In the meanwhile, we talk about him.
Thanks for listening.
5 thoughts on “I Wanna Talk About Beau”
Thank you for sharing! Please don’t ever stop talking about him to us “outside” your immediate family. His stories, his legacy, his memory, is a constant reminder to us who share his story with our kids and hopefully our kids’ kids of not only a reminder of the tragedy and sadness that has forever effected your lives and the lives of so many close to him, but also of his strength and charm and charisma and effect he had on so many when he was here that is still carried on today… sadly seven years later. His relationship with his family, his sisters, his teachers, and his friends are still talked about inside homes and the walls of the school he attended and thrived in. My daughter plays soccer at his school and her coach highly respected and loved Beau and to this day in their game day cheer and every single day when practice ends they cheer “Bears on 2” instead of the typical cheer that occurs on 3 just in honor of your sweet Beau….. hugs to you all…. love your friend from afar.
Sheena, I never responded back when because I didn’t know how. I do appreciate your kind and beautiful words. Thank you for making our hearts smile!!!

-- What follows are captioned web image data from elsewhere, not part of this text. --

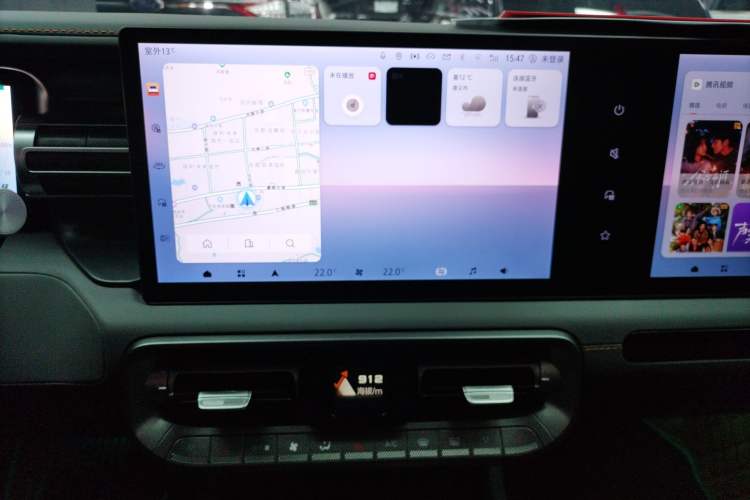 Used BAIC Off-Road BJ40 2024 2.0T All-New Urban Hunter Edition Ultimate Version Audio And AC Panel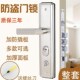 别墅拉手盗门整套门锁双活通用锁具坚固单双活室外套装 公寓
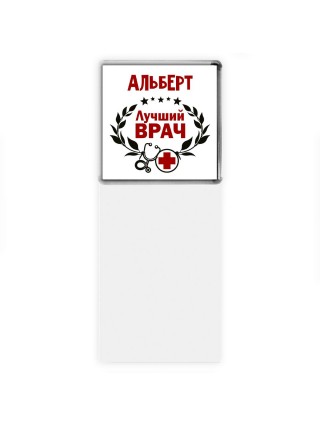 Альберт лучший врач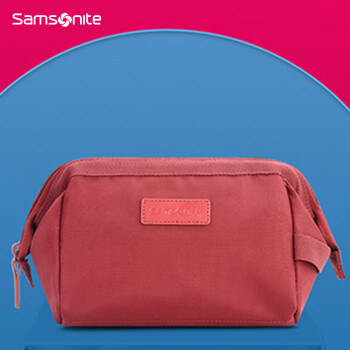 新秀丽（Samsonite）化妆包大容量收纳包便携手拿包 674*00011【红色】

Beautifully said my sweet cousin! You have made us all aware of what a beautiful person he is. You have honored him and not let him be forgotten.. I never met him, yet your description of him, your heartfelt expressions , pictures, are so vivid, I feel like I do! He is pretty special. 😊 Keep taking about him. We love the stories and your beautiful memories! ❤
Oh my….so many things to say. I spent soooo many Saturdays, at ALL day wrestling tournaments, watching our boys, Beau the light weight, and Pheonix the heavy. We were there til the end. Beau was always so full of life and sass. He will be forever missed, but, he left a light that will always shine when you least expect it…. that is just his way. Much love to you all. -Julie Versey
Thank you, Julie!!! Your words are beautiful and we sure appreciate it!